Coyotes just made a kill in the lower part of my yard. I was out by the mailbox, and I heard that awful yipping, wailing, voices rising like sirens. Where is Sarah Palin when we need her? Off shooting wolves, no doubt. Riding in a low-flying plane, gun stuck out window, a little lower please, come around again so I can get a better shot. The wolf has no chance. She squeezes the trigger, he stumbles, falls, and an insignificant section of the tundra turns red with his blood.

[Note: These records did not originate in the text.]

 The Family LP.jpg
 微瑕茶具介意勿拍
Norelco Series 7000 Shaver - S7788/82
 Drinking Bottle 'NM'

Despite what’s happening in my yard, I don’t want Palin to bring her gun into my community. I hate it when the coyotes kill things, but I wouldn’t want Palin adding her killing ways to a world already saturated with killing.

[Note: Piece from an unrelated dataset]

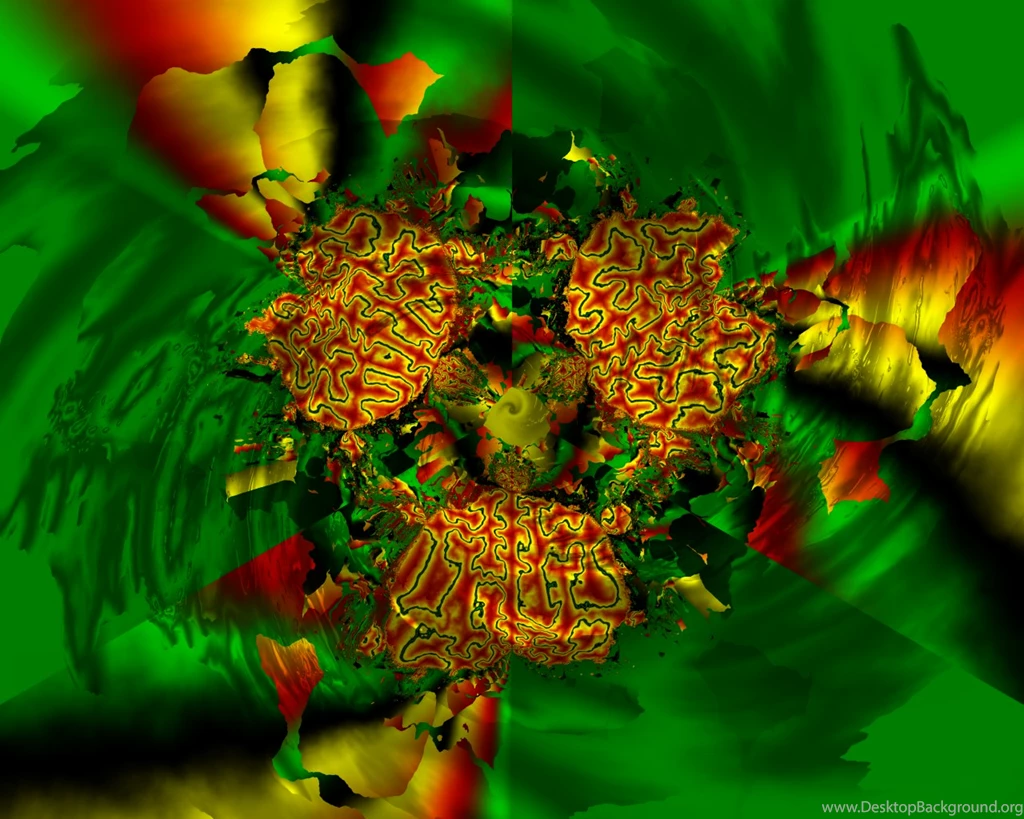 Browse Art   DeviantArt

The coyotes live in the hills behind my house, and in the fall I see them lope past my house. They’ve actually worn a trail through the back yard. If I stand in my Florida room, and I make a noise, they’ll stop and look at me.
Long-legged, wirey-haired, and skinny, they look like dogs. My dog, Steeler, looks like a wolf. Steeler is deaf and nearly blind. He sleeps on a doggy pillow on our bedroom floor. Once he was young. But even when he was in his prime, he couldn’t have outrun those Alaskan planes they use on their wolf hunts.

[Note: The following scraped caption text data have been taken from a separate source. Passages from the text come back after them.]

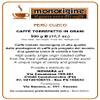 Arabica Coffee Beans Per Cuzco - 500 gr view 2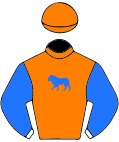 Colours for TAB 13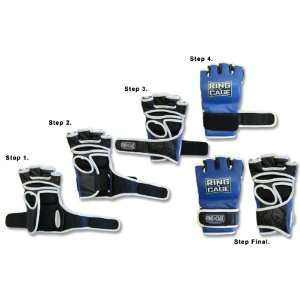  MMA Ultimate Combat Gloves   Fight/ Competition / Training 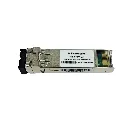 sfp+zr2.webp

In the fall of the year, when the bush-hog man comes to cut the brush in my back field, the coyotes follow along behind him, snatching up bits of food. For days afterwards they prowl the pasture, and they feast. You can watch them, moving across the field, searching for things left in the wake of the bush-hog. When they sense some prey in the matted grass, they stand erect, ears up, watching. Then they pounce. Like a cat pounces on a mouse.
The keening in my lower yard goes on. I hope it isn’t one of the fawns born here last month. I scoop up the mail and run toward the house, wanting to stop it, stop the killing, at the very least wanting to save Sammy, my humane society cat.
I needn’t have worried about Sammy. He’s under the holly tree at the corner of my patio, relaxing. He seems undisturbed by all the racket. Cats love mayhem, my friend Shannon says. They thrive on it. Lazy creatures, they are content to wait for some creature to stumble into their territory, and their tails twitch, and saliva gathers at the corner of their mouths as they consider what it will be like to catch that bird or mouse or ground squirrel.
Sammy is no better than the coyotes that are enjoying the kill in my lower yard. I am ambivalent about the coyotes. But not about the wolves, or Steeler, or Sammy. These creatures I love. I do not love Sarah Palin. Double, triple, quadruple standard, maybe. But something inside me insists that coyotes, wolves from whom my Steeler is descended, and Sammy, are all doing what nature intended them to do. But Sarah Palin? No. She doesn’t need to climb into a plane and shoot at helpless creatures who have no chance against her and her guns and her kind.
The noise in my lower yard settles down, and I take the mail inside the house. Later I’ll walk down and try to see what happened.
This I know: There’s joy in the cry of the coyote. There’s tremendous excitement. There’s lust. The coyotes have had a successful hunt, and they will live another day.
I wonder if that’s what Sarah Palin feels when she’s riding in one of the Alaskan planes, and she raises her gun, and aims it at a running wolf, and pulls the trigger, and watches it fall.